Three years ago, I was trying to describe why Alpha Strike is better, and someone else... well, here was my response.
Thank you, Doulos! You put the perfect word to Battleforce/Quickstrike:

EPIC

It's on a grand scale, which is what Battletech feels like it should be: armies of giant robots struggling for the fate of worlds.

It just never felt right to me that a lance-sized conflict is the deciding battle each time, very time - sometimes it may be important, but by and large it simply doesn't feel like it should be the key of the Battletech universe.

The core of the Battletech rules are scaled with only a few units on a side, and it's well-suited for that, but that isn't what's described in the Battletech universe as being THE important battles.

What matters are engagements like the first battle on Trellwan, where the Clans cut the unsuspecting defenders to ribbons and they sacrificed themselves to get Prince Victor off the planet, not Prince Victor's minor battle where he used the terrain to win a brief victory.

Or the last stand of the Dragoons on Misery, where the entire warmachine of the Draconis Combine sought to defend the honor of the Coordinator against one mercenary unit, rather than take advantage of the FedSun's focus on the Capellan Confederation to invade the Draconis March.

Or the Great Refusal where the Crusader and Warden philosophies collided on Strana Mechty.

Or Halstead Station, where in a raid-in-force by Prince Hanse Davion to destroy massive supply depots the Coordinator had been building up actually discovered the lostech stash which lead to the founding of the NAIS.

Or... well, dozens of other examples.
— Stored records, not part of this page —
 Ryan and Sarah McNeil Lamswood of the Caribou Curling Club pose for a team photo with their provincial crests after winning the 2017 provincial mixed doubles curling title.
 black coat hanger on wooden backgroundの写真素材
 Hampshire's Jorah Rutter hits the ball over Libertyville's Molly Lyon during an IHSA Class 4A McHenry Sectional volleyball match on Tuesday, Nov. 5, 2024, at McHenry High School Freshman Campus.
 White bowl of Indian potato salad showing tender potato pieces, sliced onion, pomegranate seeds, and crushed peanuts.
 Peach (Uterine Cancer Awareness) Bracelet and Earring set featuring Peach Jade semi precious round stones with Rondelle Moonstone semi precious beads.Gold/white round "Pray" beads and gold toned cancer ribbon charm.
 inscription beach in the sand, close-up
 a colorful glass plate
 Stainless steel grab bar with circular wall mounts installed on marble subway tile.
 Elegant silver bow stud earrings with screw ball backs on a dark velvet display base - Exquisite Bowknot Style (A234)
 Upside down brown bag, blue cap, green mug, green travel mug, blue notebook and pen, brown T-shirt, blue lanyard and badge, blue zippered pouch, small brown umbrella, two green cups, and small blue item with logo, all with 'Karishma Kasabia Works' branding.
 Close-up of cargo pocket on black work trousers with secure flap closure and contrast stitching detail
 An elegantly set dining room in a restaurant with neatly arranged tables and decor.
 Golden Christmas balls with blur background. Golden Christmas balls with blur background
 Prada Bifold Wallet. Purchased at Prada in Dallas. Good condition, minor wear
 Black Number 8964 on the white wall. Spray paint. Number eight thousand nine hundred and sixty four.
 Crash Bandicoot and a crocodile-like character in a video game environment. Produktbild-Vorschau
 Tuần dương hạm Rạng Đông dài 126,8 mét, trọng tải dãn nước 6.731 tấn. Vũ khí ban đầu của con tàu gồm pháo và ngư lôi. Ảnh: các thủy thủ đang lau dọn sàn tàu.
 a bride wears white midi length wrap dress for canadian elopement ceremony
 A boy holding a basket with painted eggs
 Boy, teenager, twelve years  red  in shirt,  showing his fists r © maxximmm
Like every planet actually invaded and lost to another force. Battalion level engagements are the de facto universe standard, and EVERY scenario book I've ever read (from the ancient Kell Hounds book to the newest Sword and Dragon book) stretches plausibility to the breaking point so the minor 3-5 element battle matter, or outright said it DOESN'T matter and that it takes place before or after an actual, important battle.

So, er. tl;dr version: Battletech the GAME doesn't accurately represent Battletech the UNIVERSE for me, whereas Quickstrike DOES.
So, how do I deal with the loss of detail?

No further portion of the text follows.